- _Task directions_: Return exactly the lines of the entries that start at the line containing "Medium Photo #9" and continue to the last line. Omit the pictures.
*** Opening Record set ***
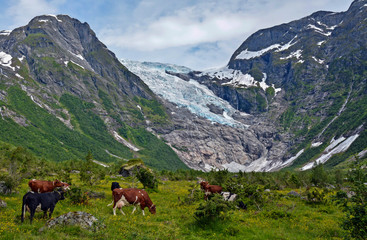 Glacier behind cows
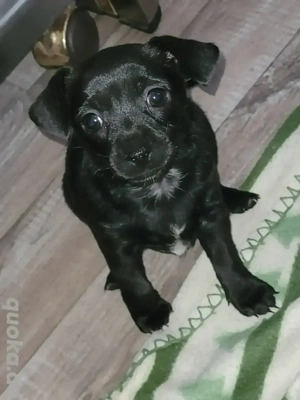 Welben kleinbleibend suchen neues zu Hause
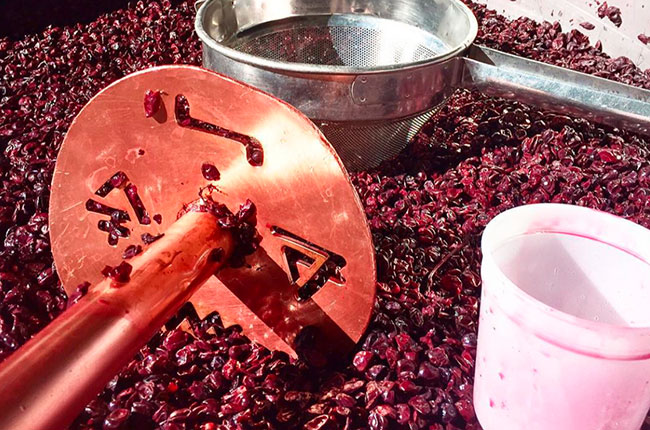 california wine harvest photos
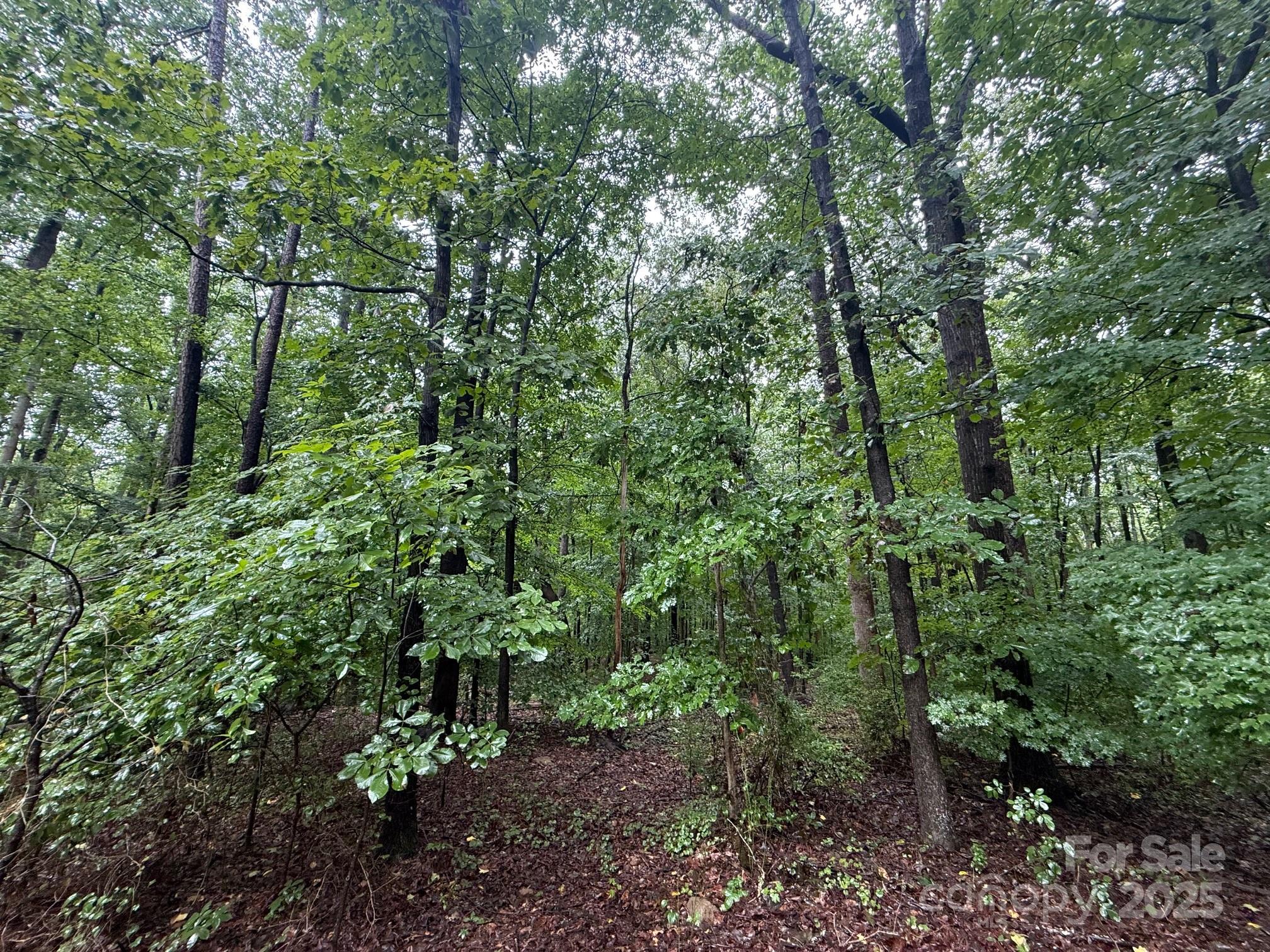 3117 Shirley Drive Charlotte NC 28214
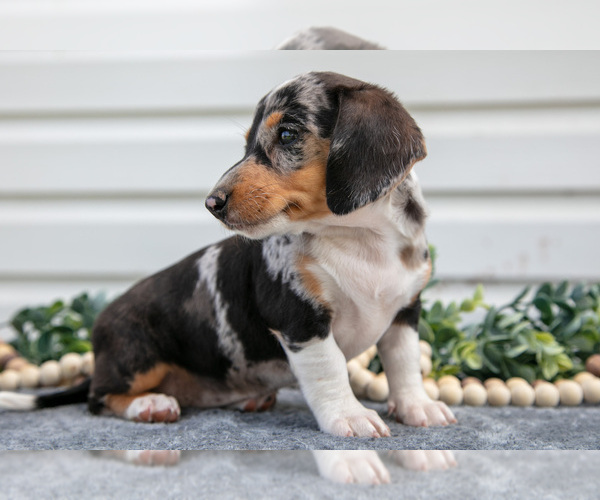Medium Photo #9 Dachshund Puppy For Sale in ELIZABETHTOWN, PA, USA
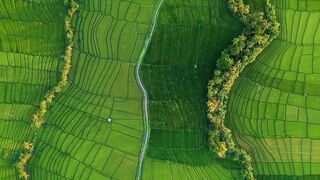 Pemandangan Persawahan indonesia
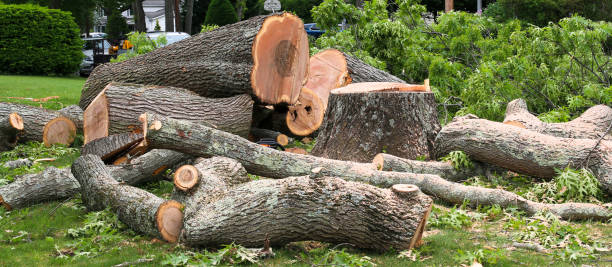  Tumter, WA Tree Care Pros
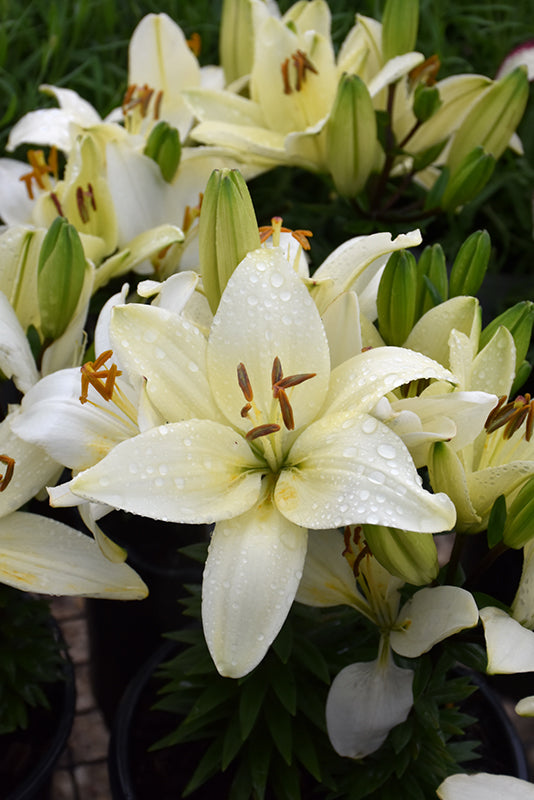tiny crystal asiatic lily Asiatic Lily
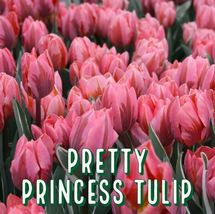 7 Bulbs Pretty Princess Tulip Bulb Perennials Unique Varieties - $26.38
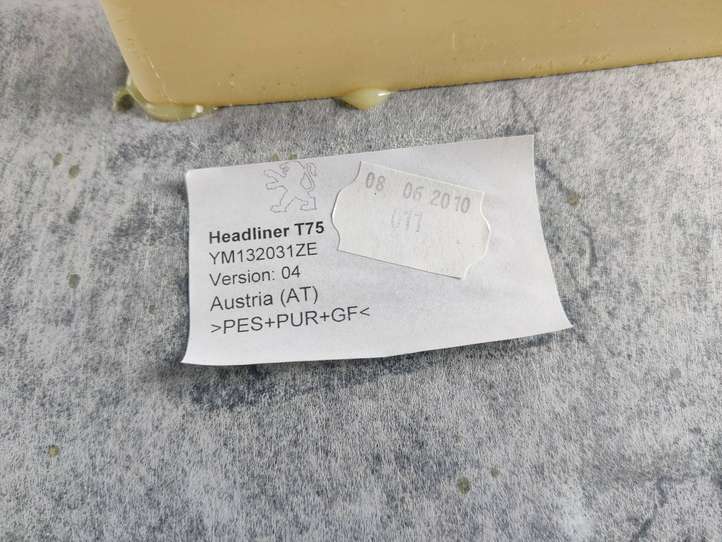 Peugeot RCZ (2010 - 2013)  YM132031ZE Потолок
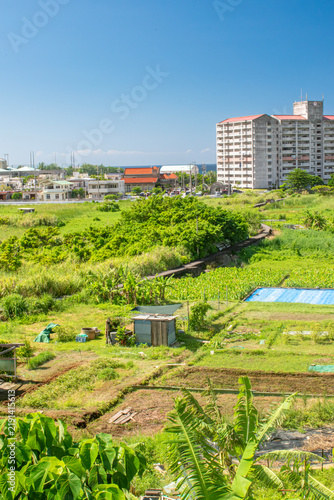 沖縄県宜野湾市大山の田芋畑の風景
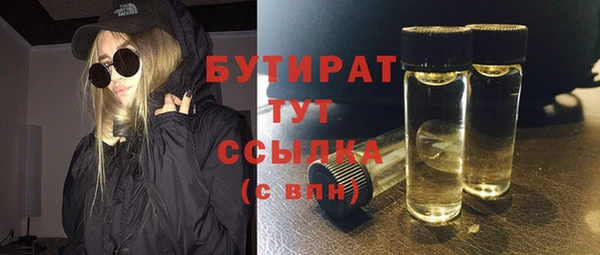 амф Верхний Тагил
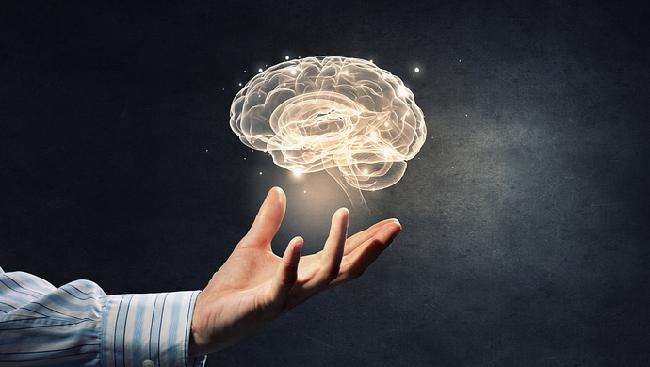 成體神經(jīng)干細胞小生境的構(gòu)造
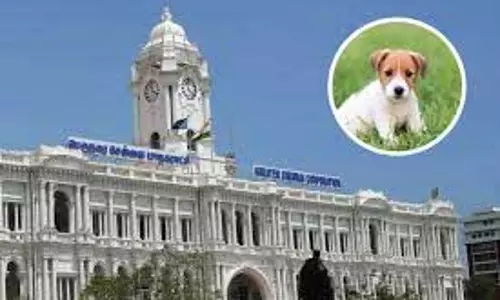 GCC ने पालतू जानवरों की ऑनलाइन पंजीकरण की अपील की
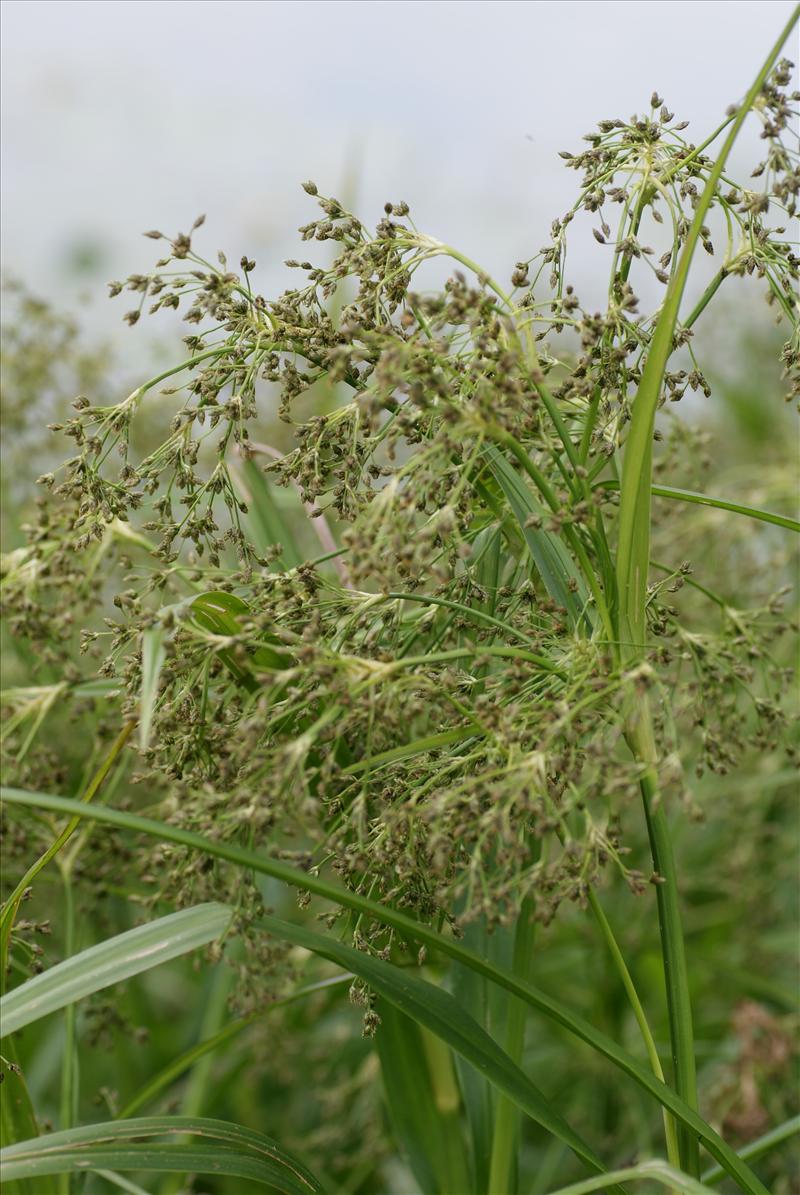 Scirpus sylvaticus (door Adrie van Heerden)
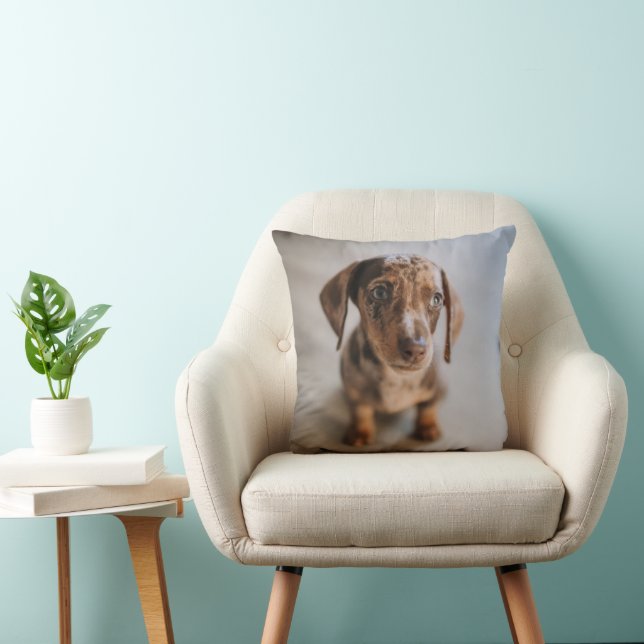 Cutest Baby Animals | Brown Dachshund Puppy Throw Pillow (Chair)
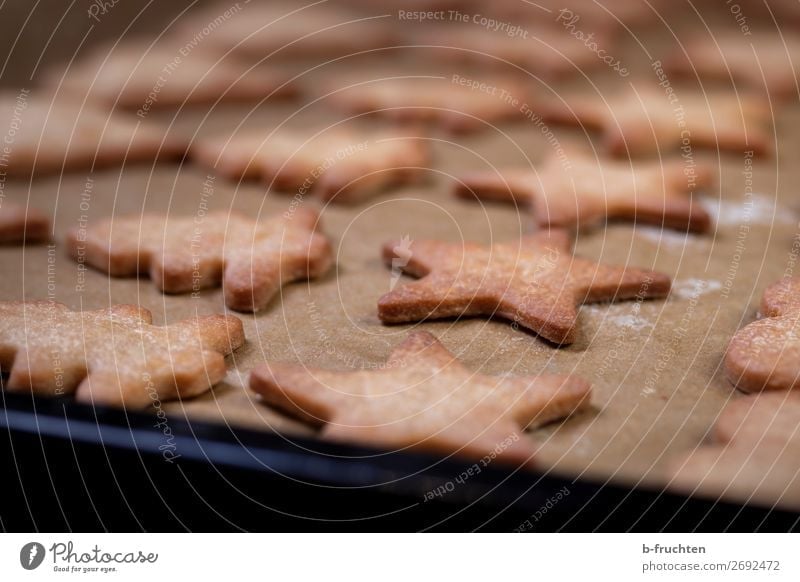 Homemade cookies in the oven. Food Dough Baked goods Candy Nutrition Healthy Eating Feasts & Celebrations Christmas & Advent Fairs & Carnivals Cook Kitchen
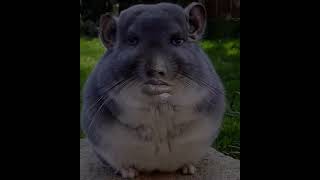 Manly chinchilla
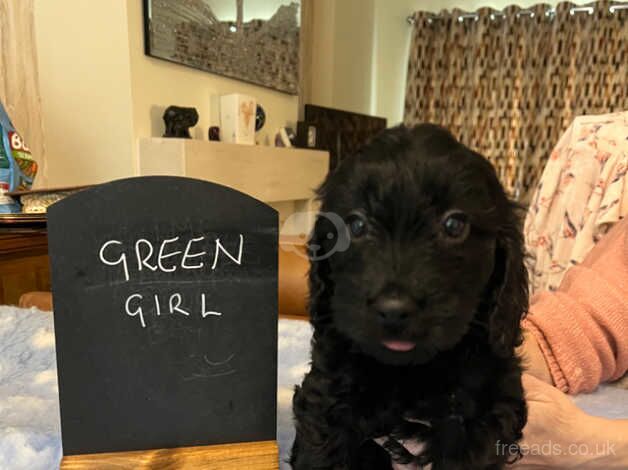 6 beautiful babies looking for new homes for sale in Stockport, Greater Manchester - Image 1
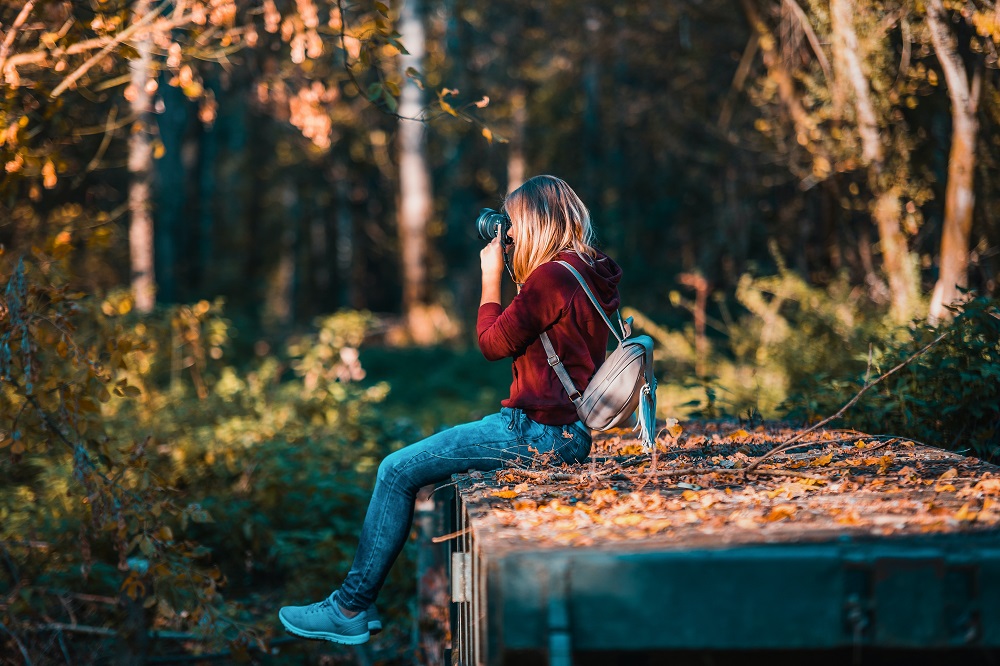 Pexels David Bartus 610294 1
*** Closing Record set ***
- _Answer box_:
Medium Photo #9 Dachshund Puppy For Sale in ELIZABETHTOWN, PA, USA
 Pemandangan Persawahan indonesia
  Tumter, WA Tree Care Pros
tiny crystal asiatic lily Asiatic Lily
 7 Bulbs Pretty Princess Tulip Bulb Perennials Unique Varieties - $26.38
 Peugeot RCZ (2010 - 2013)  YM132031ZE Потолок
 沖縄県宜野湾市大山の田芋畑の風景
 амф Верхний Тагил
 成體神經(jīng)干細胞小生境的構(gòu)造
 GCC ने पालतू जानवरों की ऑनलाइन पंजीकरण की अपील की
 Scirpus sylvaticus (door Adrie van Heerden)
 Cutest Baby Animals | Brown Dachshund Puppy Throw Pillow (Chair)
 Homemade cookies in the oven. Food Dough Baked goods Candy Nutrition Healthy Eating Feasts & Celebrations Christmas & Advent Fairs & Carnivals Cook Kitchen
 Manly chinchilla
 6 beautiful babies looking for new homes for sale in Stockport, Greater Manchester - Image 1
 Pexels David Bartus 610294 1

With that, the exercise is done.